Number of wires entering box within limit for box fill.
Wire ends entering boxes long enough (6 inches).
Mixed 12 and 14 gauge wiring so he can remind you that the maximum breaker rating is 15 amps.
Wires not up against sharp edges or hot pipes.
Dedicated circuits (e.g. for bathroom only) don't serve other parts of the house.


----------



## baum (Jul 14, 2009)

Mine also wanted to see any pigtail connections made also.


----------



## gregt848 (Jul 25, 2006)

ok, so Scuba Dave, I am wiring two bedrooms plus hardwiring all smoke dectors. and separately adding an exterior light and some cans in another room. The two bedrooms are part of a rennovation. So no outlets actually be installed? What about switches, can I wire the recessed lights? Smokes?

What exactly do you mean by "Mixed 12 and 14 gauge wiring so he can remind you that the maximum breaker rating is 15 amps." 
Do you just mean that for 15 amps it has to be 14 gauge and for a 20 amp it has to be 12 gauge continuously? No mixing an matching. if it is a 15 amp circuit you can't use 12 gauge and vise versa?


----------



## gregt848 (Jul 25, 2006)

Also what about telephone/cable?


----------



## Scuba_Dave (Jan 16, 2009)

Bedrooms require AFCI, so you will need those breakers
If you are fishing wire then walls are already in place
But outlets are only installed for final Inspection

My smokes have a pigtail connection/plug 
So that could be wired up ready for smokes to plug in

Yes, make sure you do not have any mixed wire on a circuit
12g = 20a........14g = 15a

If any of the wiring is off an existing circuit make sure the breakers are off 
I had wire nuts on a few off my wires so I could turn a circuit on for lights on 2nd floor while working

Recessed lights are wired up...but I'm doing new construction
Not 100% sure when a ceiling already exists....


----------



## gregt848 (Jul 25, 2006)

Thanks dave, This is all considered new construction. So I can wire the recessed lights, get the Arc fault breakers, i'll wait on the outlets till final inspection. Anything else I should focus on? do's and don'ts? What about the switches (for recessed)?

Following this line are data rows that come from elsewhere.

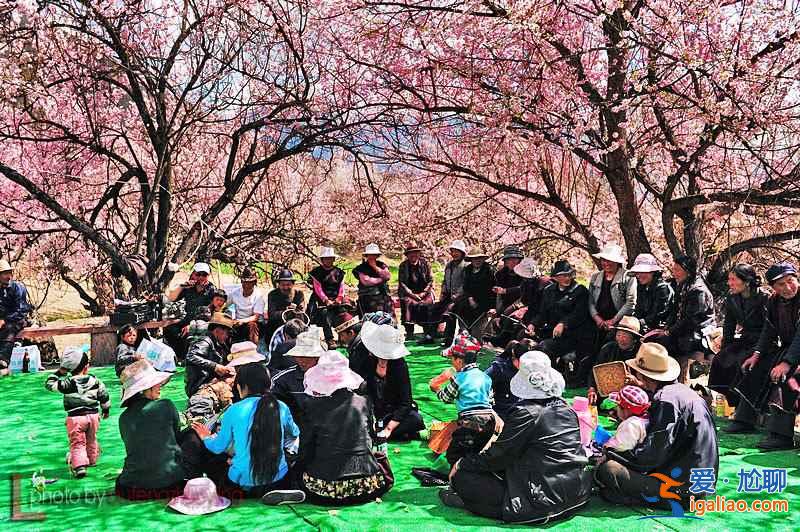 2017林芝桃花節(jié),林芝桃花節(jié)開幕時間、地點(diǎn)? 2017林芝桃花節(jié),林芝桃花節(jié)開幕時間、地點(diǎn)?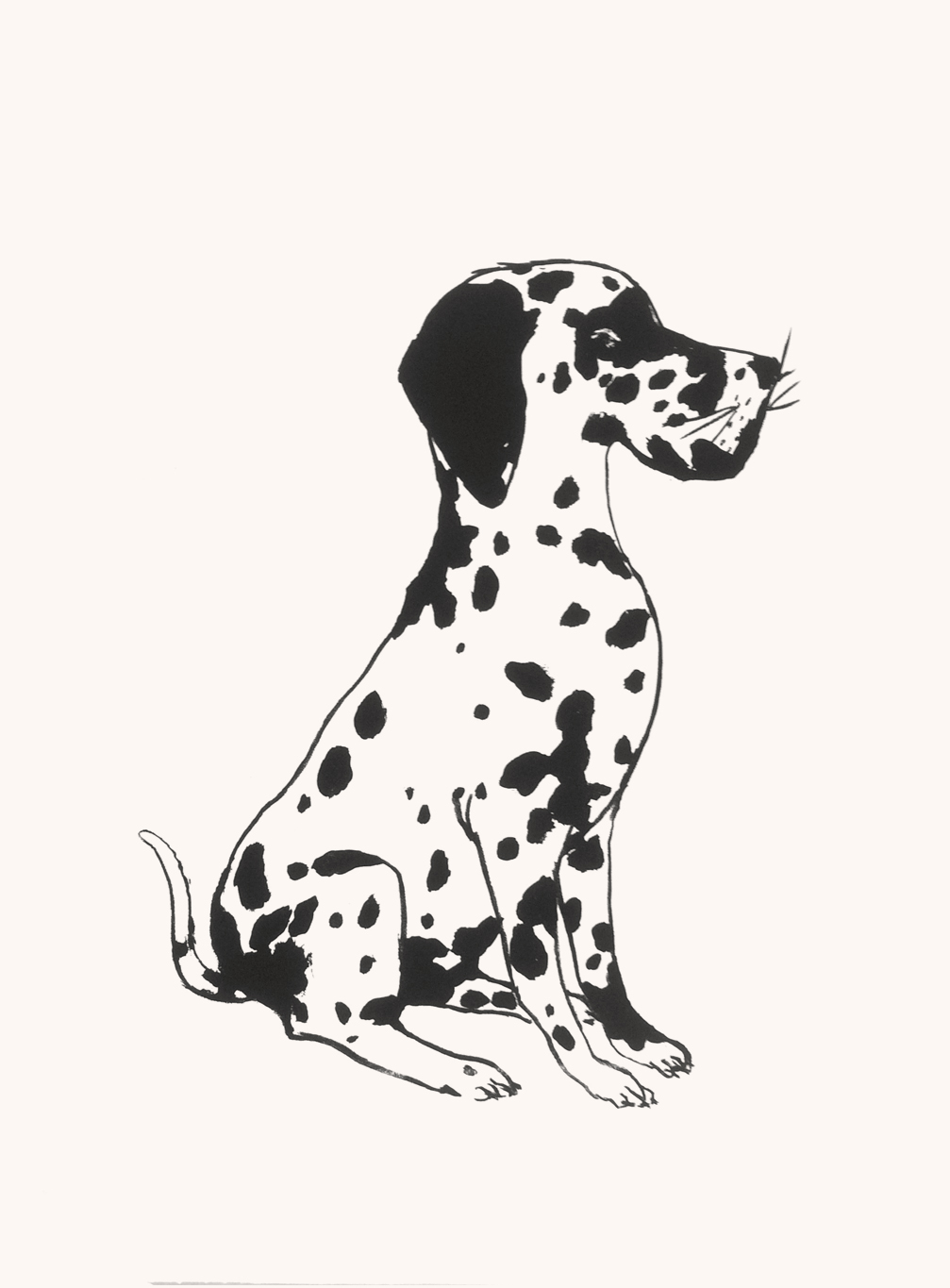 Le deuxième dalmatien, 56 x 76 cm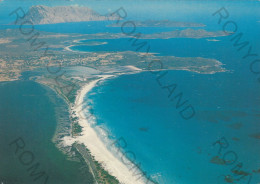 CARTOLINA  B9 S.TEODORO,NUORO,SARDEGNA-SPIAGGIA LA CINTA-SULLO SFONDO MOLARA E TAVOLARA-MARE,VACANZA,VIAGGIATA 1983 - Nuoro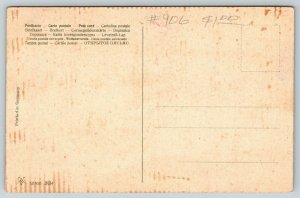 Sorrell Missouri~Wild Flowers on Wheat Grain Bougquet~PFB Postcard~c1910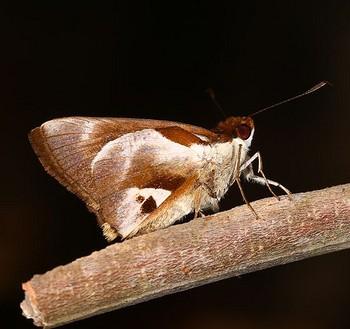 Vettius lucretius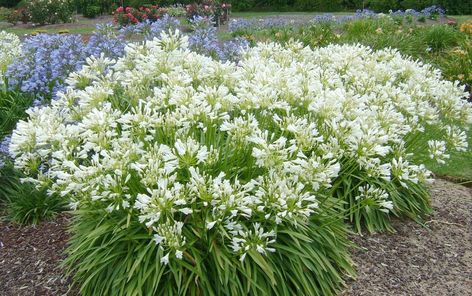 How to grow a summer perennial garden Photos | Architectural Digest Boarder Plants, Agapanthus Plant, Heat Tolerant Plants, Bee Friendly Garden, Full Sun Perennials, Full Sun Plants, Sun Perennials, Border Plants, Sun Plants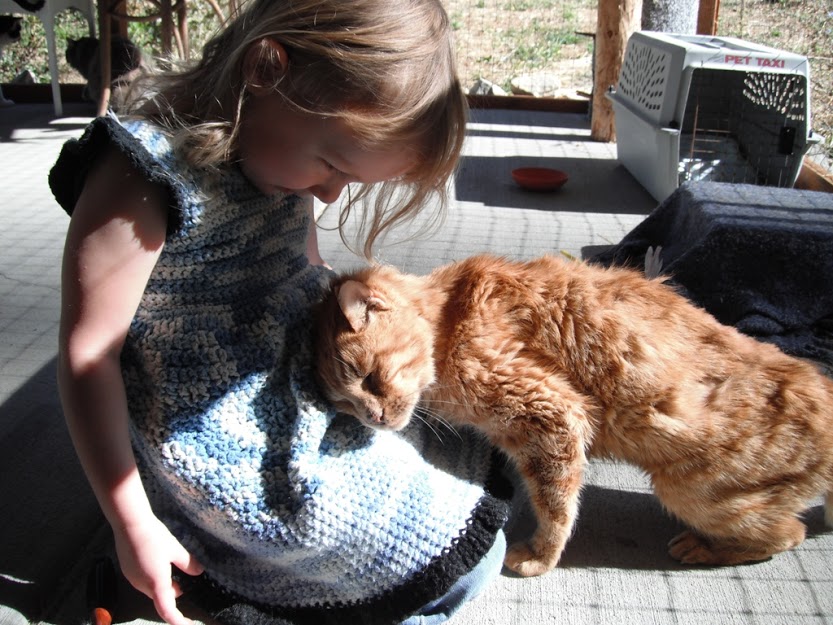 Photo 1 from Sanctuary One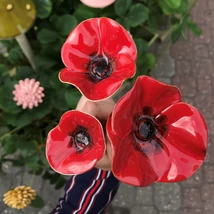 Pipacs csokor vegyes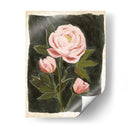 Peonies Vintage Ii - Grace Popp | Cuadro decorativo de Canvas Lab
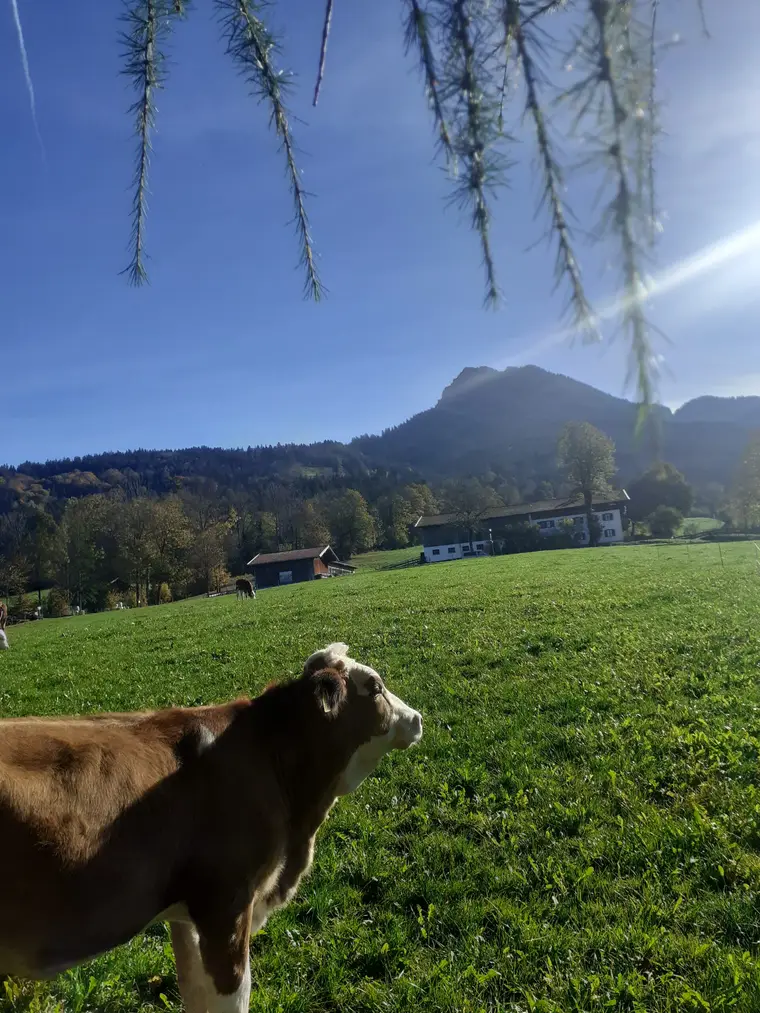 Kuh auf der Weide vor Bergen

Thanks again for the help and info.


----------



## Scuba_Dave (Jan 16, 2009)

Switches also wait until after insulation/sheetorck
I lean towards leaving 7" min wire coming out of the electric boxes
I did 6" on one of my 1st projects & the Inspector thought they were a little short
I leave as much as 8" if its the only wire in the box
I only use the deep (3") boxes...I do 2x6 walls for more insulation

Make sure the wires are not twisted as they run between boxes/devices
It should look clean & neat
My BIL had his wires twisted as they ran..in a crawlspace
Might have been other issues but the Inspector failed him initially


----------



## gregt848 (Jul 25, 2006)

I love this site,:thumbup:
Couple more questions, Dave, what did you do to temporary use the recessed lights while you where working up there with no switches. I would like to be able to use the lightning to work at night? This is all considered new construction. Everything is opened up. That is the bulk of the project. Two bedrooms. On a side note, While I am on a role,
What about installing an outside light off an existing circuit? I want to run the wires while the walls are opened. Since the switch is in an existing box that is currently in use can I install that for the rough inspection? What about the outside light? 
Just curious, I hear many people say and write that the code is the minimum standard allowed, what makes you go above code or exceed the standard "above code". Installing more outlets?
I will be posting pics soon. Have made a lot of progress. Thanks for any advice and feedback.


----------



## baum (Jul 14, 2009)

As soon as you have your rough-in you can energize lights. After le left i hooked up the circuits to the panel, put the switches in, and just used the porclin style lights for temp use. Or if its going to recessed i energized those. Recesses were the only lights i actually had hooked up in th cans (no switches though). You are going to want to do this so you can test everything before its covered up incase you have any problems. 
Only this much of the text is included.